Affinity adsorption and separation behaviors of avidin on biofunctional magnetic nanoparticles binding to iminobiotin

Abstract

Knowing the adsorption behavior of target proteins on biofunctional magnetic nanoparticles is of great importance for the separation and purification of proteins. Adsorption behaviors of avidin on biofunctional magnetic nanoparticles binding to iminobiotin were investigated under different conditions of temperature, pH, ionic strength, and feed avidin concentration. Biofunctionalization of the non-functional nanoparticles was performed, coupled with iminobiotin.
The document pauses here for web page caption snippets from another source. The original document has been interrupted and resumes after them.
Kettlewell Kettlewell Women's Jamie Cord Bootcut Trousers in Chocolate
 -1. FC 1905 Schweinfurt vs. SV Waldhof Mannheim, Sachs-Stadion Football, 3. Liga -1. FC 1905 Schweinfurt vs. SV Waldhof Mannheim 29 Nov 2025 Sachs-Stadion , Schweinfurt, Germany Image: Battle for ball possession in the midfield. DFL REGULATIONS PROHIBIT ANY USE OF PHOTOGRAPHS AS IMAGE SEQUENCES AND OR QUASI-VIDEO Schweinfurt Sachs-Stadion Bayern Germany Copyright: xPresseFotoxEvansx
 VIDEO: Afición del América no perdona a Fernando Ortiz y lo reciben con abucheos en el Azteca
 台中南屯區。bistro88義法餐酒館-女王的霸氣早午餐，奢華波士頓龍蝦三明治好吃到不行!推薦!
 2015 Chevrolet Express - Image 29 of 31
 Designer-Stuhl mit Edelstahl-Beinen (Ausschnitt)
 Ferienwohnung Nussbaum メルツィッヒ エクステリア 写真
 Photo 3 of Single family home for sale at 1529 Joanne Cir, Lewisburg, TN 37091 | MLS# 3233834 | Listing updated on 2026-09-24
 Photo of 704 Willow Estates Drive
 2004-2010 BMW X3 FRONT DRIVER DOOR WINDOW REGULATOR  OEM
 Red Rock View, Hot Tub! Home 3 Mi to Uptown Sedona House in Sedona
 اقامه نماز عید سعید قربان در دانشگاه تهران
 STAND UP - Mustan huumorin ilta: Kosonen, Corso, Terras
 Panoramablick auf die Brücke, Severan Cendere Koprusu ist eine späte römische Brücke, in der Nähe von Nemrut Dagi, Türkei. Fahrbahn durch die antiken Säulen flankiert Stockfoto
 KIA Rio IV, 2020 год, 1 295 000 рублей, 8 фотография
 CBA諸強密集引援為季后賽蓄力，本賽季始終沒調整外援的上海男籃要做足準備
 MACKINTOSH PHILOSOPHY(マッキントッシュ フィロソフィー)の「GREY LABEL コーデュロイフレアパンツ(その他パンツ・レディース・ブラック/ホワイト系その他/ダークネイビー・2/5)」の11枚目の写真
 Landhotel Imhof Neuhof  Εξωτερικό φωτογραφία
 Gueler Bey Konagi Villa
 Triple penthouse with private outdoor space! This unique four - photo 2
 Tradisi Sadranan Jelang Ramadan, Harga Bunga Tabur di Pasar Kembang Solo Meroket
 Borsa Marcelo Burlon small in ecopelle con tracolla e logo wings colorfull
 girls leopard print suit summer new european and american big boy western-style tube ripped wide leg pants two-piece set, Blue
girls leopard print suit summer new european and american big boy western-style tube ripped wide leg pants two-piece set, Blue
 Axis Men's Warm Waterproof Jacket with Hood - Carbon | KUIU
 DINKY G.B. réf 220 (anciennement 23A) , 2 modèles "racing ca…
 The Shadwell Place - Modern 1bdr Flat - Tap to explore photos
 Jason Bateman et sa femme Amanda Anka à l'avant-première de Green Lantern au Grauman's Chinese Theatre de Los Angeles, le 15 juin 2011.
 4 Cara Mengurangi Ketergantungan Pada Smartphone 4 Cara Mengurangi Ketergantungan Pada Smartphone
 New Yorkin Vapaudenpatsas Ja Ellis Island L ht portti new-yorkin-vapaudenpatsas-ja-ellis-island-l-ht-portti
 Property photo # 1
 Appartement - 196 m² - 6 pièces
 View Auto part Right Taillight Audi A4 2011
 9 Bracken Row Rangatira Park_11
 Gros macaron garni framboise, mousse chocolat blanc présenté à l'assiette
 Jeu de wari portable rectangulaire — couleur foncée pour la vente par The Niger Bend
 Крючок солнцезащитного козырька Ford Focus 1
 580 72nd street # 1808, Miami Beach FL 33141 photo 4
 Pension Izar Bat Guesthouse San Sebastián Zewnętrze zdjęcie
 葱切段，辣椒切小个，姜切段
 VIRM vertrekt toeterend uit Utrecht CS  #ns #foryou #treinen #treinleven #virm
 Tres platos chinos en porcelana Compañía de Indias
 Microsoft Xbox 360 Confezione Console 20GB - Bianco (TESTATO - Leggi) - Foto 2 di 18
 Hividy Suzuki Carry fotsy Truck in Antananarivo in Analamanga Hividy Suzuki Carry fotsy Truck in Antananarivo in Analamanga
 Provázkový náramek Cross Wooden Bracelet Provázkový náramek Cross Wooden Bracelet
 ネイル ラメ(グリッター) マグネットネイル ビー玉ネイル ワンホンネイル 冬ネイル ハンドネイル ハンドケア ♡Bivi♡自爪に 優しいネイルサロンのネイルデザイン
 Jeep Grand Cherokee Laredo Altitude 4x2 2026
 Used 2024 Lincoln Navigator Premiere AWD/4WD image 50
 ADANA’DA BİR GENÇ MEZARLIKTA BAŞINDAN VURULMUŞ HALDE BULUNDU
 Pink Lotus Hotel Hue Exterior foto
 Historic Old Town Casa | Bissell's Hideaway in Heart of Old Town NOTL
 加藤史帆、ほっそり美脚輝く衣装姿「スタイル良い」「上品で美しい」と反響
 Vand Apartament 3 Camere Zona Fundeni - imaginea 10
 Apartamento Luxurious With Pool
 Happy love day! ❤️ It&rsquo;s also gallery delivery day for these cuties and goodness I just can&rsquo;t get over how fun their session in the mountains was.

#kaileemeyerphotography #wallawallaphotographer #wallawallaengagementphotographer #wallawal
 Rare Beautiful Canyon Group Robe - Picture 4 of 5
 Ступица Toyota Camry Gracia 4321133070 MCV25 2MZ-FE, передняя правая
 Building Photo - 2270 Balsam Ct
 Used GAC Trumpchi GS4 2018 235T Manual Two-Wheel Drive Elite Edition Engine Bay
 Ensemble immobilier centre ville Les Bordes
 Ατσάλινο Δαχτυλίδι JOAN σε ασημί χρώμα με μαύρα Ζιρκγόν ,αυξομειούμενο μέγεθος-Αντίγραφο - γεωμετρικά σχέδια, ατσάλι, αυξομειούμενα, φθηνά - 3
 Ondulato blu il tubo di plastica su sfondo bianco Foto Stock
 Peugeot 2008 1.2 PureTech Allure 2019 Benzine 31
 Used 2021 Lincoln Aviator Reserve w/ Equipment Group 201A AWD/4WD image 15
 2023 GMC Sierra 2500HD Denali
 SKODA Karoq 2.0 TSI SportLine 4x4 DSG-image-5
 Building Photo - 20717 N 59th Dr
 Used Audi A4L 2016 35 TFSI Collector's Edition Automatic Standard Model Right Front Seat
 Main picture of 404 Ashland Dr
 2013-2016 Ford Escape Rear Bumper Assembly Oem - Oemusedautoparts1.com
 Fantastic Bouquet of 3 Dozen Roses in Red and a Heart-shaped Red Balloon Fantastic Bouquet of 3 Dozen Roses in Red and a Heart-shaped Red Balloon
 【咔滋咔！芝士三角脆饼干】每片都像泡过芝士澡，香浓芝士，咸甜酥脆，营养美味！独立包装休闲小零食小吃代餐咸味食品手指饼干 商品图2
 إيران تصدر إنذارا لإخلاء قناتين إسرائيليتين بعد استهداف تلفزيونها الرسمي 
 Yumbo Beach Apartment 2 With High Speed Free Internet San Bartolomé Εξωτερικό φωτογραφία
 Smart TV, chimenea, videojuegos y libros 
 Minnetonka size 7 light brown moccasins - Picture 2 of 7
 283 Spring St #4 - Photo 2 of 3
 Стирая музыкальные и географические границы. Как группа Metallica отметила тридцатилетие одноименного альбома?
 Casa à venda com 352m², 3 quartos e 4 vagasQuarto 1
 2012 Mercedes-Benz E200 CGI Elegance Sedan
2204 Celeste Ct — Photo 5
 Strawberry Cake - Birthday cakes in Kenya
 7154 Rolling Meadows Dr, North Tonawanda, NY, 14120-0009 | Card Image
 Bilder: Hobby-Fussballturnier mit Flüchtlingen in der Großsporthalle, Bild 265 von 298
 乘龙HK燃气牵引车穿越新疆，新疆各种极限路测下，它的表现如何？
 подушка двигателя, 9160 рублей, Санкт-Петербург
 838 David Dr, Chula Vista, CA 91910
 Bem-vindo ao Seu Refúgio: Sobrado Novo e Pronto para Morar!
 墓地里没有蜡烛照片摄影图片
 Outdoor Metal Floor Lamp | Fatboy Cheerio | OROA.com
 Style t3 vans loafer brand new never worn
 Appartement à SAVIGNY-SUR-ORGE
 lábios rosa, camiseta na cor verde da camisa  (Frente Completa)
Characterization of the particles was carried out using transmission electron microscopy (TEM) and Fourier transform infrared spectroscopy (FTIR). The results showed the avidin adsorption behaviors were mainly dependent on affinity interaction between avidin and iminobiotin coupled with the nanoparticles, which exhibited temperature, pH, ionic strength, and feed avidin concentration sensitivity. Maximum avidin adsorption capacity was achieved as 225 mg avidin/g biofunctional nanoparticles. Results were well fitted to the Langmuir isotherm model with the feed avidin concentration of less than 45 μg/ml. Based on the experiments above, the biofunctional magnetic nanoparticles were used to separate avidin from treated egg-white solution containing large amounts of other proteins. The avidin was isolated in 92% yield with an optical purity of more than 98.5% according to the HPSEC data. The regeneration of these nanoparticles was also studied and almost 87.3% of avidin could still be recovered by these regenerated nanoparticles.